Abstract
We described emergency department (ED) visits (all visits and infection-related) by persons with multiple sclerosis (MS) in British Columbia, Canada (1 April 2012 to 31 December 2017). We identified 15,350 MS cases using health administrative data; 73.4% were women, averaging 51.4 years at study entry. Over 4.9 years of follow-up (mean), 56.0% of MS cases visited an ED (mean = 0.6 visits/person/year; total = 37,072 visits). A diagnosis was documented for 25,698 (69.3%) ED visits, and 18.4% (4725/25,698) were infection-related. Inpatient admissions were reported for 20.4% (5238/25,698) of all and 29.2% (1380/4725) of infection-related ED visits. Findings suggest that the ED plays a substantial role in MS healthcare and infection management.
Introduction
Emergency department (ED) presentations represent an important aspect of health care utilization in the general population.1,2 Compared to the general population, persons with multiple sclerosis (MS) frequently access the healthcare system, with infections contributing to this higher healthcare use. For example, persons with MS had 41% more infection-related physician claims (adjusted rate ratio = 1.41; 95% confidence interval: 1.36–1.47) versus a sex-, age-, and region-matched non-MS population. 3 However, relatively little is known about ED utilization by persons with MS.4–6 Here, we described overall and infection-related ED use in an MS population.
Methods
We performed a descriptive, population-based study in British Columbia (BC), Canada, using linked health administrative data (via Population Data BC 7 ), including Medical Service Plan Billing Information 8 (providing physician claims); the Discharge Abstract Database 9 (providing hospital admissions/discharges); PharmaNet 10 (for prescriptions filled at outpatient/community pharmacies); Census Geodata (providing socioeconomic status estimates); Registration and Premium Billing files 11 (providing BC residency status via the mandatory healthcare plan registration days); Vital Statistics 12 (capturing death dates); and the National Ambulatory Care Reporting System dataset 13 (providing ED-related visit dates and Diagnosis Shortlist codes, 14 including infections; Supplementary Table 1) starting 1 April 2012).
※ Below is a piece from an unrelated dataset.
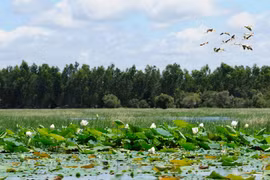 Eco-friendly tour launched at Tram Chim National Park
All MS cases were identified with a validated algorithm. 15 Study entry date was the later of the first MS/demyelinating disease-related International Classification of Diseases (ICD-9/10) code, or first disease-modifying drug (DMD) prescription filled, or 1 April 2012 (start of the ED date). All included persons were ⩾18 years old and BC residents for ⩾1 year pre-study entry; follow-up ended at the earliest of death, emigration, or 31 December 2017. Comorbidities were measured using a modified Charlson Comorbidity Index during the 1-year pre-study entry.16–18 MS cases ever filling a DMD prescription during follow-up were described.
Results
We identified 15,350 MS cases (11,270 (73.4%) women; Table 1), of whom 86.5% (13,274/15,350) entered the study in 2012/2013, as per data availability. At study entry, the mean age was 51.4 years (standard deviation (SD) =13.8), and 26.5% (4072/15,350) had ⩾1 comorbidity. During the mean 4.9 (SD = 1.6) years of follow-up, 56.0% (8603/15,350) of MS cases visited an ED, totaling 37,072 visits; 15,350 MS cases averaged 0.6 (SD = 1.6) visits/person/year. MS cases visiting an ED at least once during follow-up (
Characteristics of the multiple sclerosis study population in British Columbia, Canada (2012–2017).
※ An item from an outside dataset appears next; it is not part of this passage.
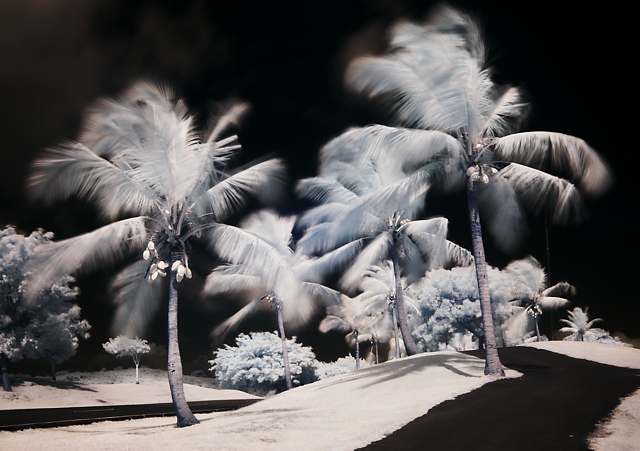 Psychedelic Palms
DMD: disease-modifying drugs; N/A: not applicable; SD: standard deviation; ED: emergency department.
Follow-up was from study entry to end. As per data availability, the earliest possible study entry was 1 April 2012.
Socioeconomic status is represented by neighborhood income quintiles, based on the closest available measurement to the study entry date.
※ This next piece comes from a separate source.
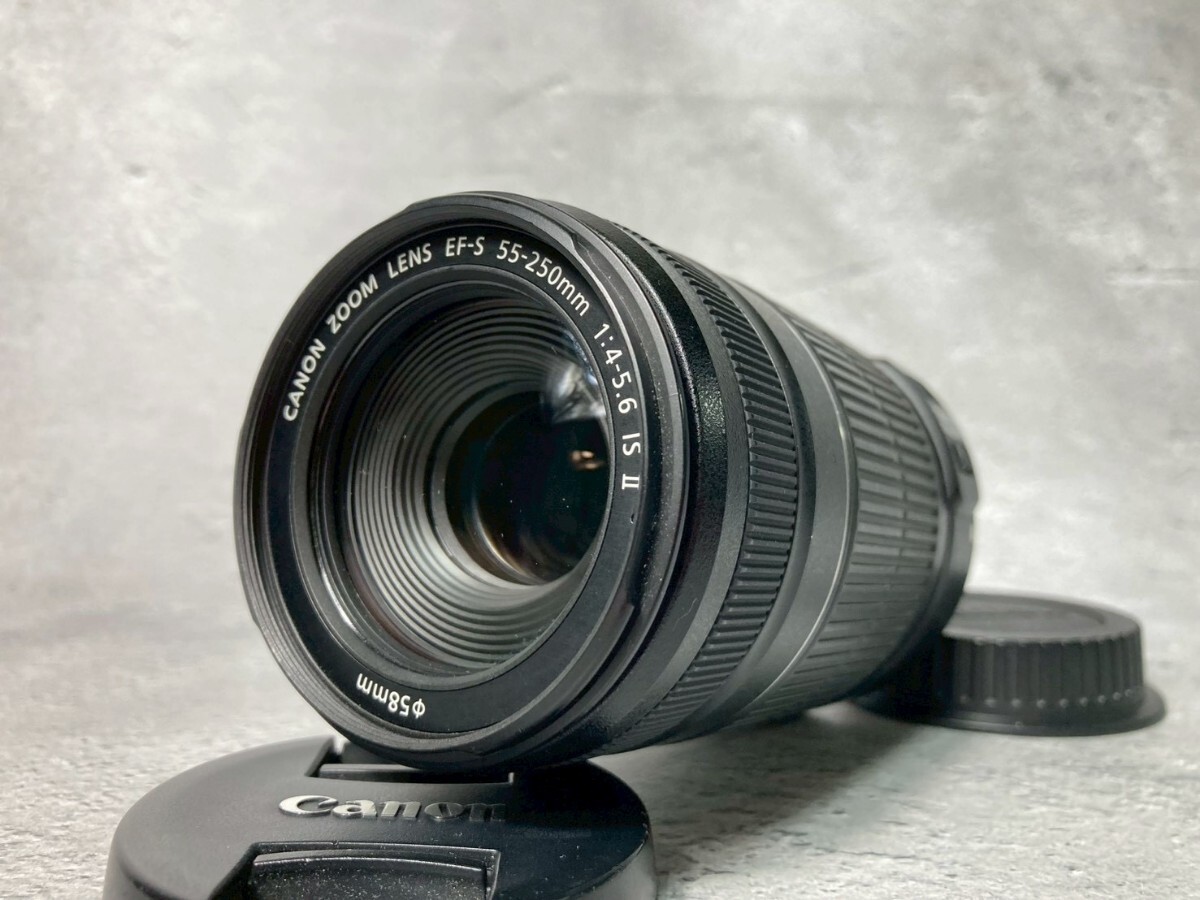 Canon キヤノン EF-S 55-250mm F4-5.6 IS II 望遠レンズ #6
Comorbidity was measured using the Charlson Comorbidity Index (modified to exclude hemiplegia/paraplegia to avoid misclassifying MS complications) during the 1-year period prior to the study entry date.17,18 The proportion of persons with MS scoring 1 or more on the Comorbidity Index is consistent with prior work 16 conducted in similar cohorts. The most common comorbid conditions (present at study entry) which were identified using the Index were “chronic pulmonary disease” (present in 1102/15,350; 7.2% of the study cohort), “diabetes mellitus without chronic complications” (1011; 6.6%), and “cerebrovascular disease” (629; 4.1%).
Captured as prescriptions filled; some people were exposed to >1 DMD during follow-up; hence, the sum of cases filling first- and second-generation DMD prescriptions exceeded the sum of cases ever filling a DMD prescription; first-generation DMDs included beta-interferon and glatiramer acetate, and second-generation DMDs included natalizumab, fingolimod, dimethyl fumarate, teriflunomide, alemtuzumab, daclizumab, and ocrelizumab. Pre-study entry (1 January 1996 to 31 March 2012) 19.5% (2991/15,350) of MS cases had ever filled a DMD prescription.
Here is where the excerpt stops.